* Work item
When you reach the line that contains "CUTE VINTAGE KAURI", please begin copying, and carry on exactly to the last line of the material, leaving out every picture.

* Dataset
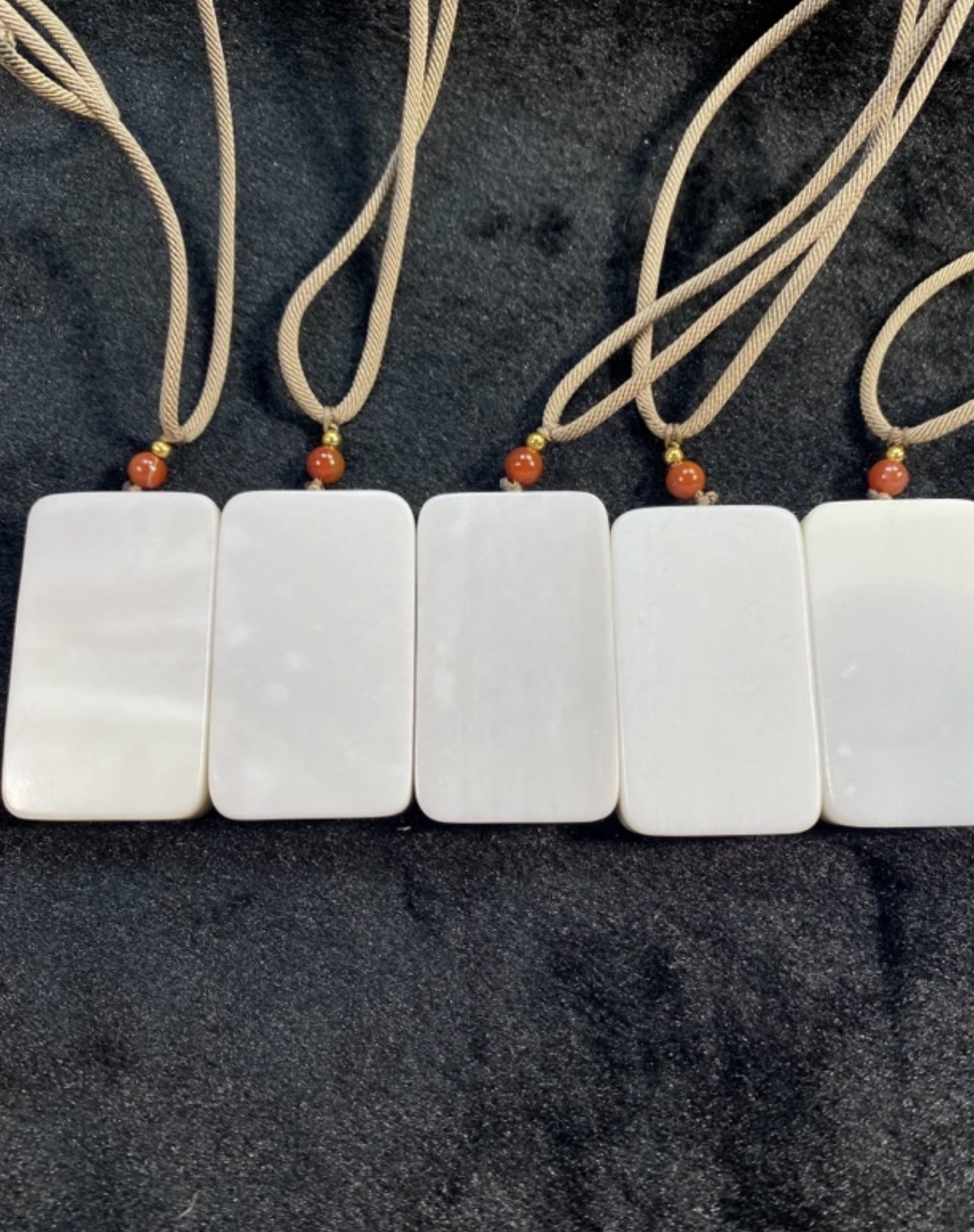 a888 带青花点（货中）和田玉4x6x1吊坠拍一发一多样性发货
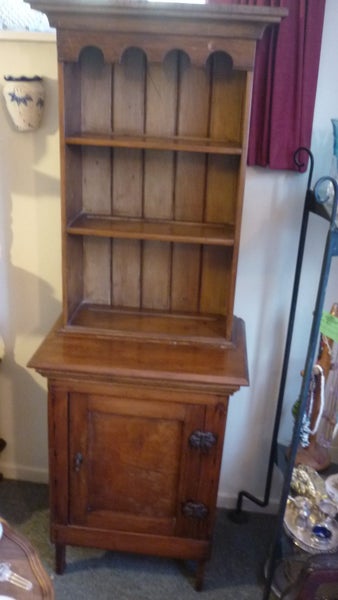 CUTE VINTAGE KAURI CABINET MINI HUTCH DRESSER Carousel 1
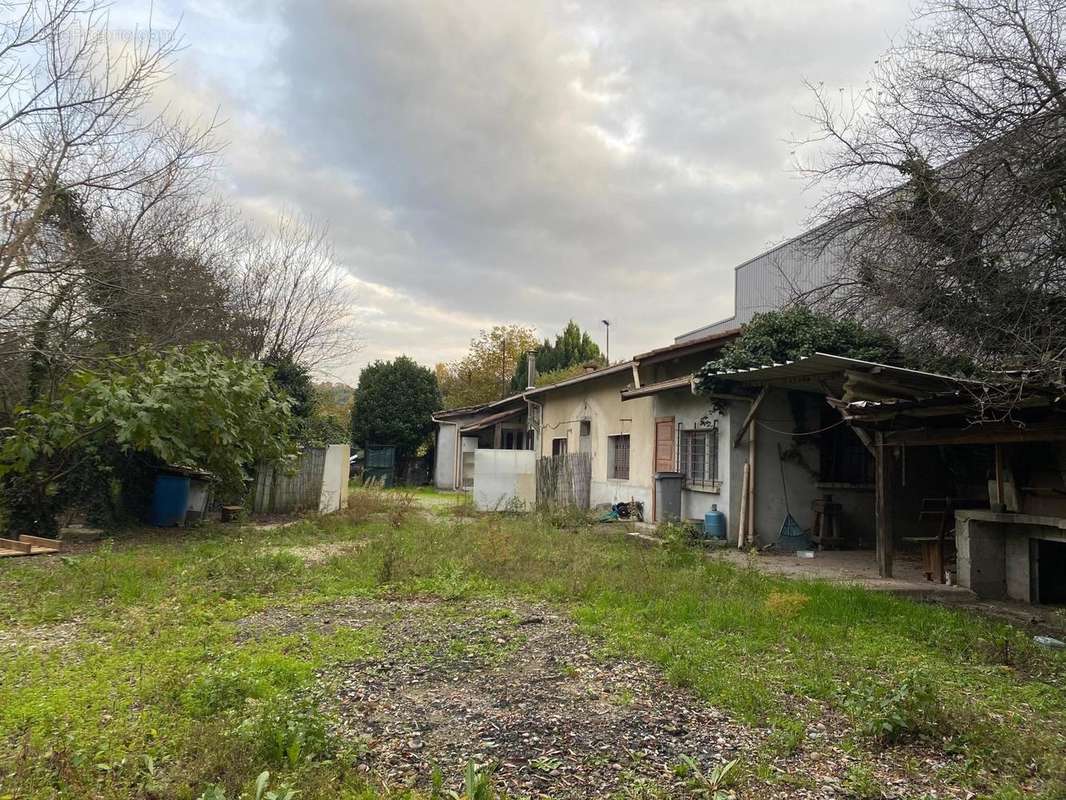 Photo 6 - Maison à SAINT-GENIS-LAVAL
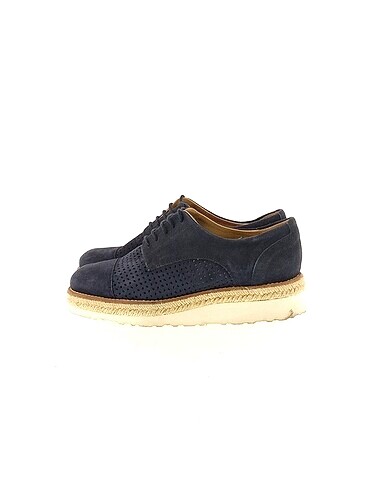 Carvela Klasik Ayakkabı %70 İndirimli.
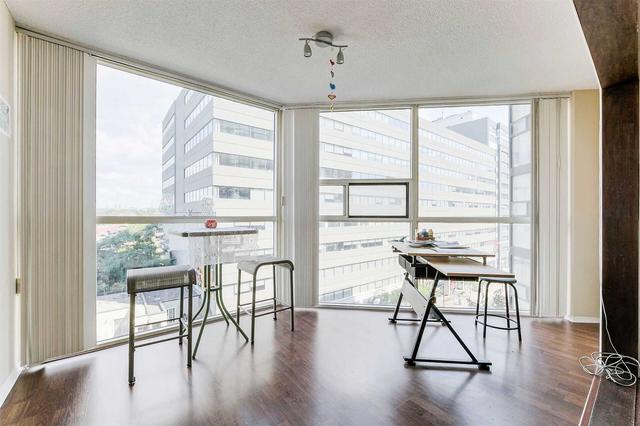 803 - 725 King St W, Condo with 1 bedrooms, 1 bathrooms and 1 parking in Toronto ON | Image 7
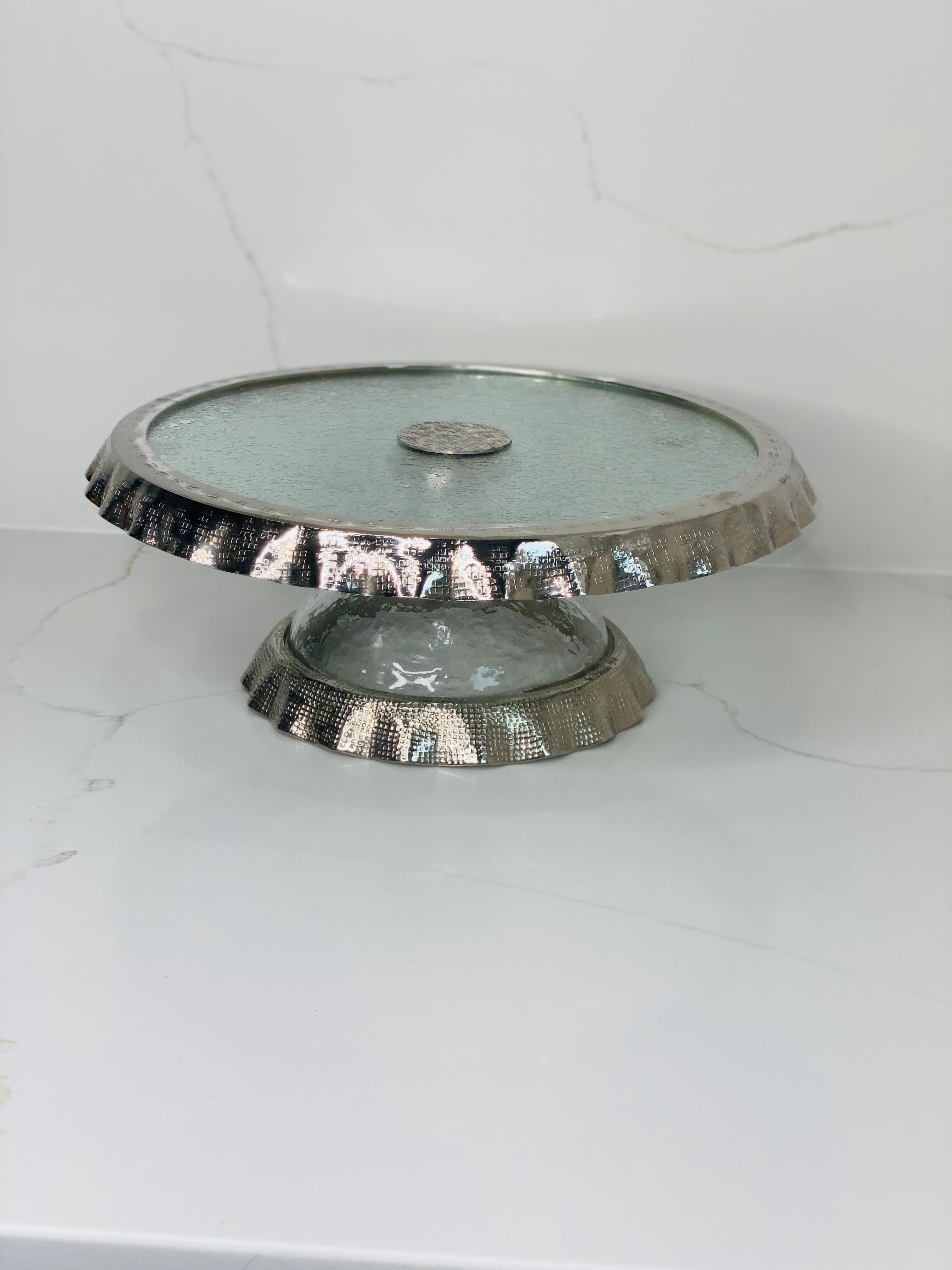 Silver Ruffle Cake Stand Round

* Completed task
 CUTE VINTAGE KAURI CABINET MINI HUTCH DRESSER Carousel 1
 Photo 6 - Maison à SAINT-GENIS-LAVAL
 Carvela Klasik Ayakkabı %70 İndirimli.
 803 - 725 King St W, Condo with 1 bedrooms, 1 bathrooms and 1 parking in Toronto ON | Image 7
 Silver Ruffle Cake Stand Round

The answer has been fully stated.